It takes a reason to reason

Walking home from work I listened to a podcast of BBC radio’s Analysis program. It dealt with political story telling. Some of the most interesting and insightful comments were made by the American clinical psychologist and political strategist Drew Weston. Here a is a link to an interview with Weston.

In the short sound bites that were included in the analysis program Weston made the point that cold objectivity alone cannot capture peoples’ imaginations nor motivate them to think deeply. It is emotion that leads people to reflect on their own prejudices and perhaps even change their world views. He summed this up in the phrase “it takes a reason to reason”. I also liked his neat line “I don’t think anyone remembers Martin Luther King’s ‘I have a plan’ speech. ”

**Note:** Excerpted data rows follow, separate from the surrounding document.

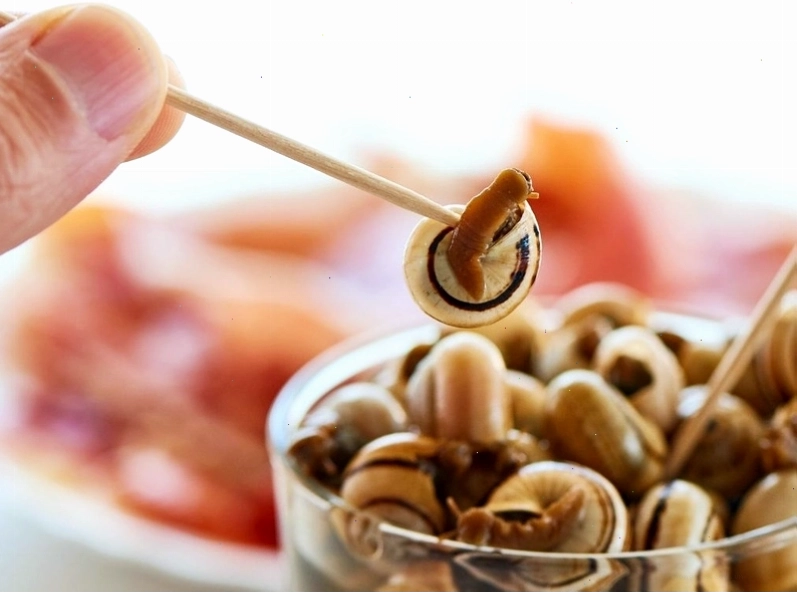 Bà bầu cần tránh các loại ốc có nguy cơ nhiễm ký sinh trùng cao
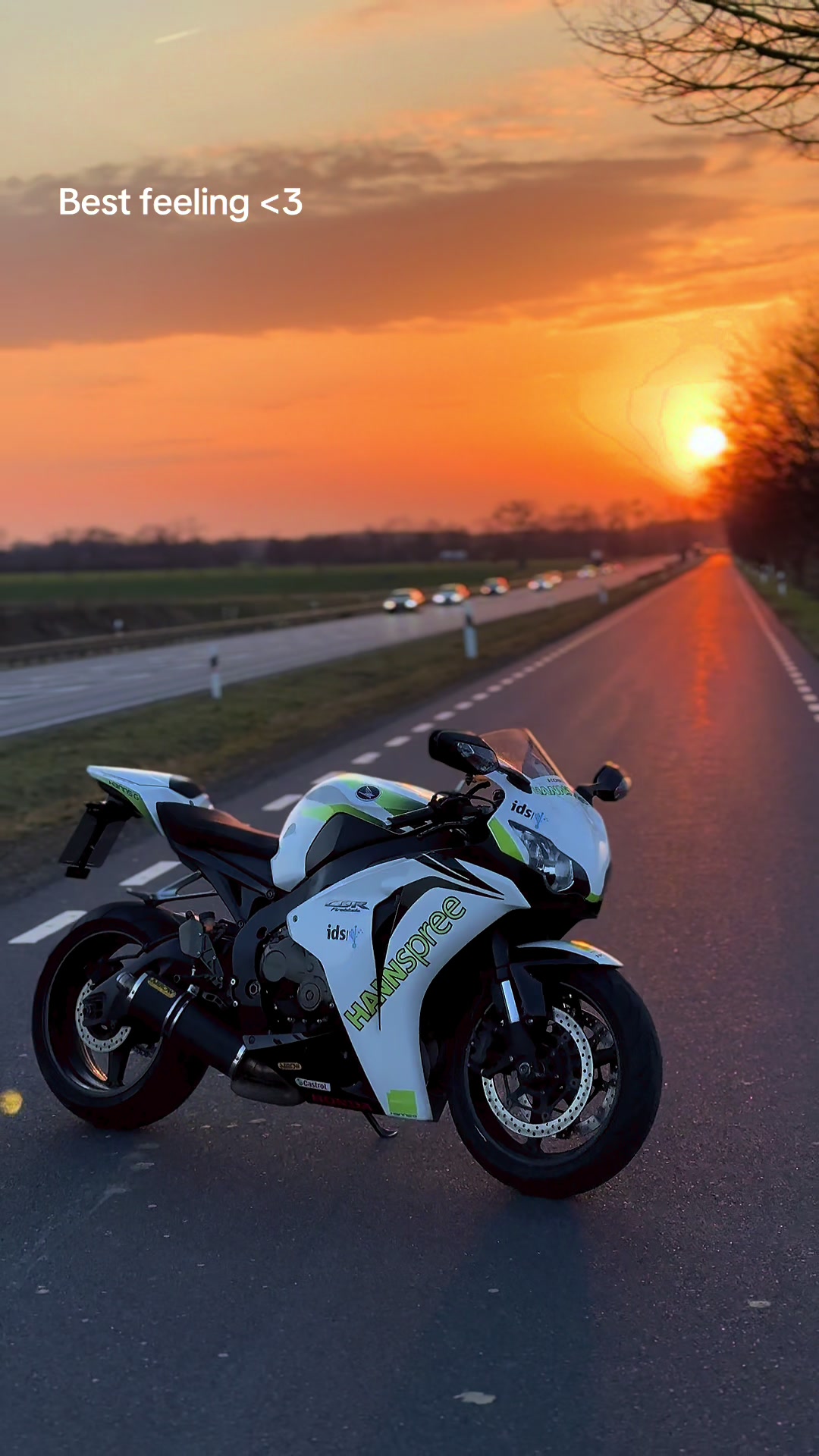 @lisa1000rr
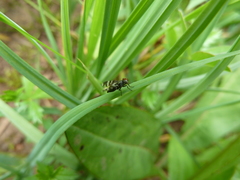 Herina frondescentiae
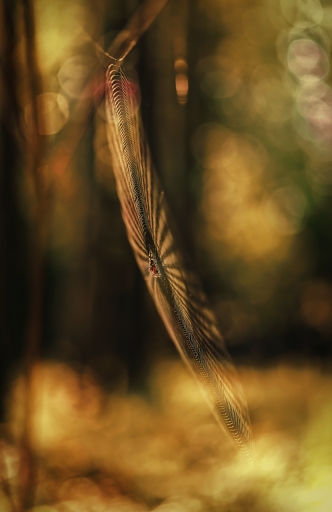 2018-07-31 / Kobaia
Kobaia [Macro et proxi]
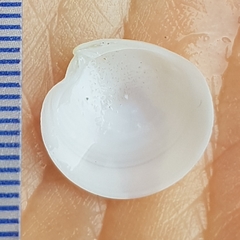 Dosinia lupinus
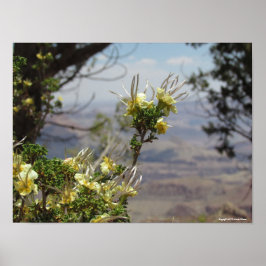 Gele ventilator in Grand Canyon Poster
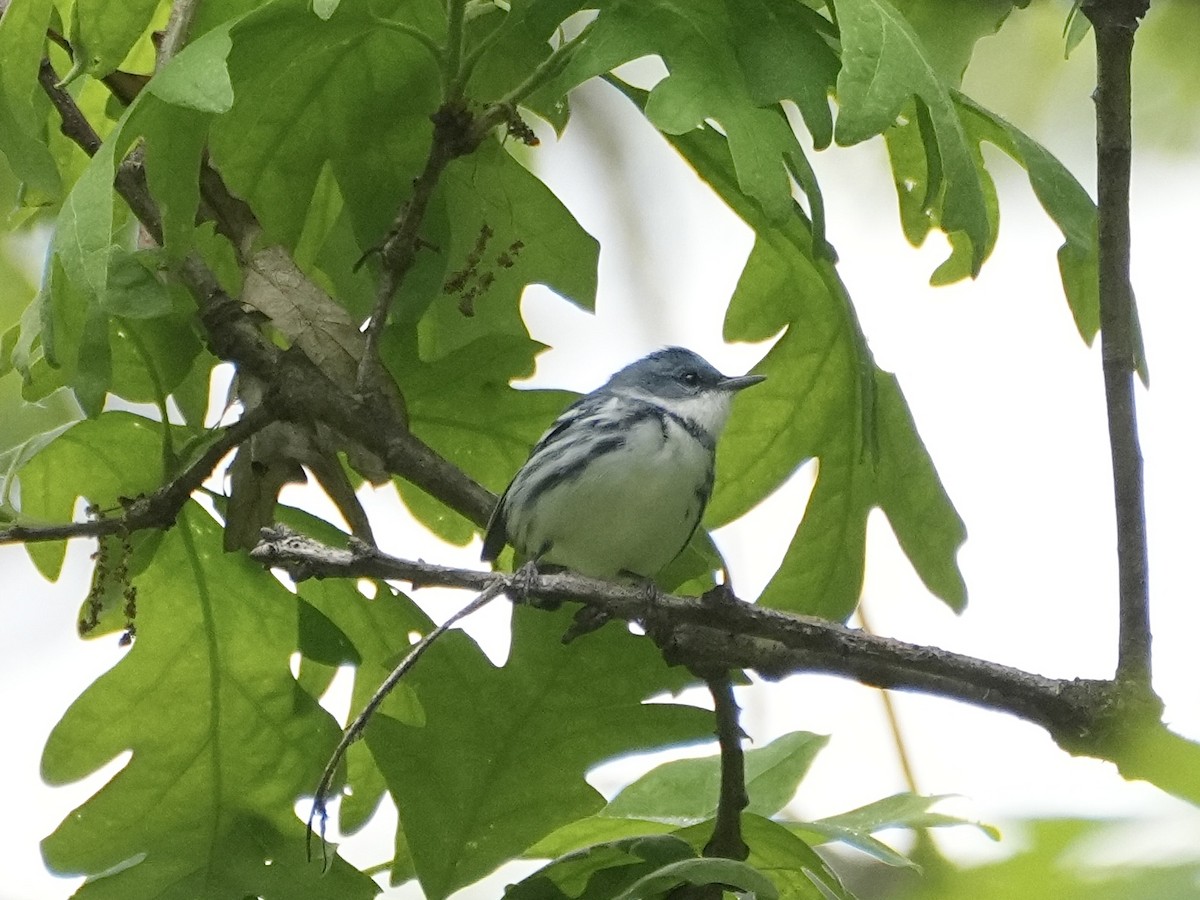 Cerulean Warbler - Chris Wills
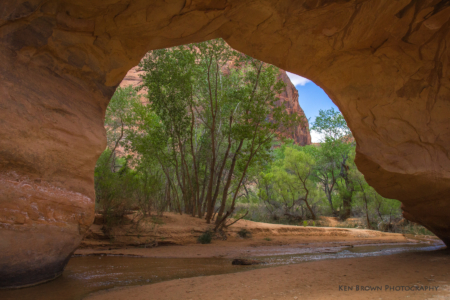Coyote Gulch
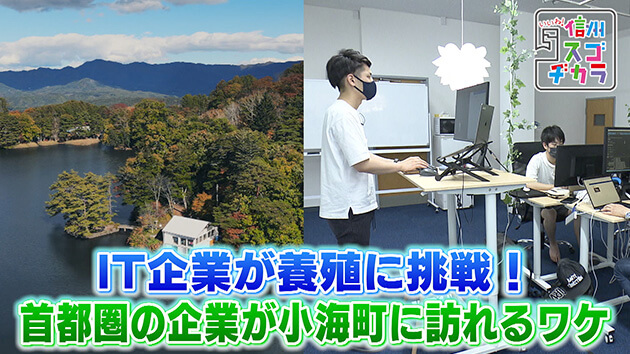 IT企業が養殖に挑戦！首都圏の企業が小海町に訪れるワケ 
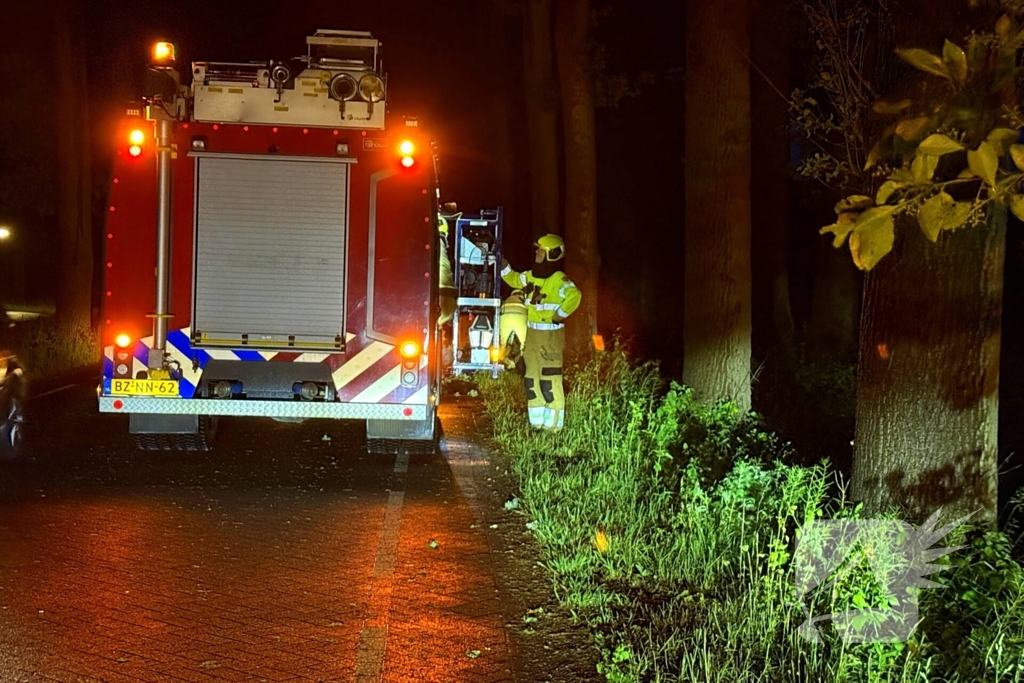 Dikke tak veroorzaakt verkeershinder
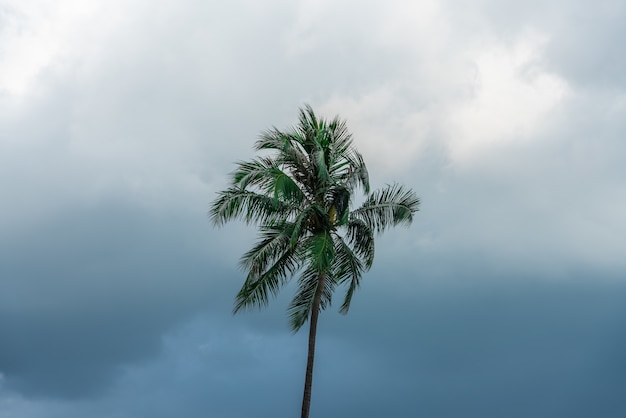 Top of a lonely green palm with the dark sky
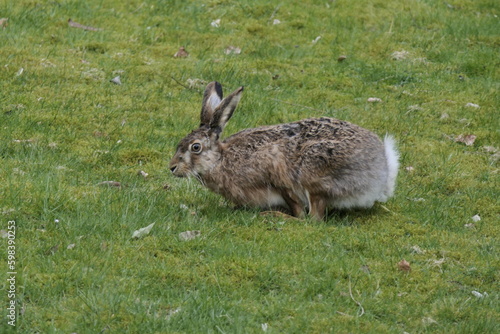 Hasenbesuch 05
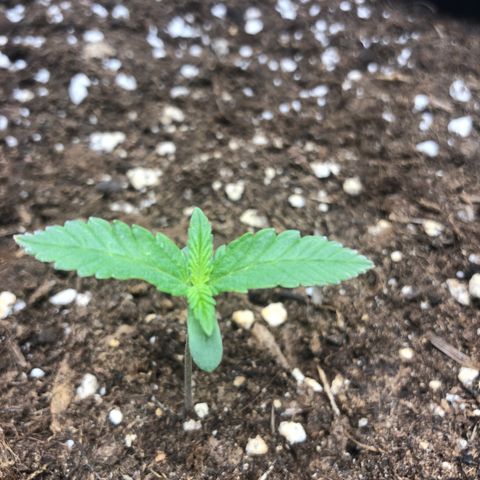 Critical Kush (nickname MEGARA) growlog photo: Day 12 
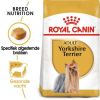 Royal Canin Yorkshire Terrier Adult Hondenvoer Bestel ook natvoer 12 x 85 g Royal Canin Yorkshire Terrier Adult online kopen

This is relevant in the year of Barak Obama. Whatever the outcome of the primaries it is now inevitable that, one way or another, the most powerful nation in the world will soon be led by its first rational president in almost a decade. It is always easy to be cynical about politicians’ appeal to peoples’ emotions. Weston makes the point that an appeal to the right sort of emotions is much more likely to get rational things done than an appeal to logic alone. That is why Al Gore’s passionate, if not wholly accurate, treatment of the climate change issue has been such an important contribution to changing the direction of the climate debate towards one based on rational evaluation of evidence.